# Teaching

# Machine learning for NLP (2019)

Any question? Contact me at aurelie DOT herbelot AT unitn DOT it.

### Description

The course introduces core Machine Learning algorithms for computational linguistics (CL). Its goal is to (1) provide students with an overview of core Machine Learning techniques, widely used in CL; (2) understand in which contexts / for which applications each technique is suitable; (3) understand the experimental pipeline necessary to apply the technique to a particular problem, including possible data collection and choice of evaluation method; (4) get some practice in running Machine Learning software and interpreting the output. The syllabus is meant to cover Machine Learning methods from both a theoretical and practical point of view, and to give students a tool to read relevant scientific literature with a critical mind.

At the end of the course, students will: (1) demonstrate knowledge of the principles of core Machine Learning techniques; (2) be able to read and understand CL literature using the introduced techniques, and critically assess their use in research and applications; (3) have some fundamental computational skills allowing them to run existing Machine Learning software and interpret their output.

### Pre-requisites

There are no prerequisites for this course. Students with no computational background will acquire good intuitions for a range of Machine Learning techniques, as well as basic practical skills to interact with existing software. Students with a good mathematical and computational background (including programming and familiarity with the Unix command line) will be invited to gain a deeper understanding of each introduced algorithm, and to try out their own modifications of the course software.

### Methods

The whole course will introduce ten topics, including a general introduction in the first week. Each topic will be taught over three sessions including 1) a lecture explaining the theory behind a technique/algorithm; 2) a lecture discussing a scientific paper where the technique is put to work, demonstrating the experimental pipeline around the algorithm; 3) a hands-on session where the students will have a chance to run some software to familiarise themselves with the practical implementation of the method.

# Course schedule:

### February 25/26/28: Introduction

**Lecture 1:** General introduction. What is ML? What is it for? How do you do it?
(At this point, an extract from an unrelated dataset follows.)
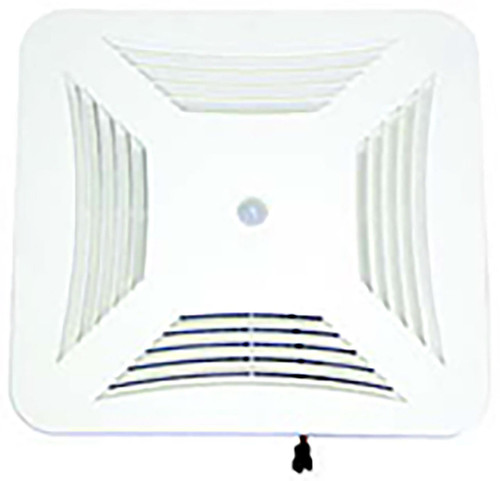  Soler And Palau PCMRGP PC Motion Sensing Grille Only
Slides

**Lecture 2:** Basic principles of statistical NLP: Language modelling, Naive Bayes, evaluation with Precision/Recall. Slides

**Practical:** Set up access to PythonAnywhere for experimentation. Run a simple authorship attribution algorithm using Naive Bayes. (The code is on GitHub.)

### March 4/5/7 Data preparation techniques

**Lecture 1:** How to choose your data. Annotating. Focus on inter-annotator agreement metrics. Slides

**Practical:** Hands-on intro to crowdsourcing. Perform some annotation and calculate your interannotator agreement. (The code is on GitHub.)

**Scientific reading:** Paperno et al (2016) and b) Herbelot & Vecchi (2016). The former to understand what good/bad data is and how it affects a task. The latter to understand issues in annotation.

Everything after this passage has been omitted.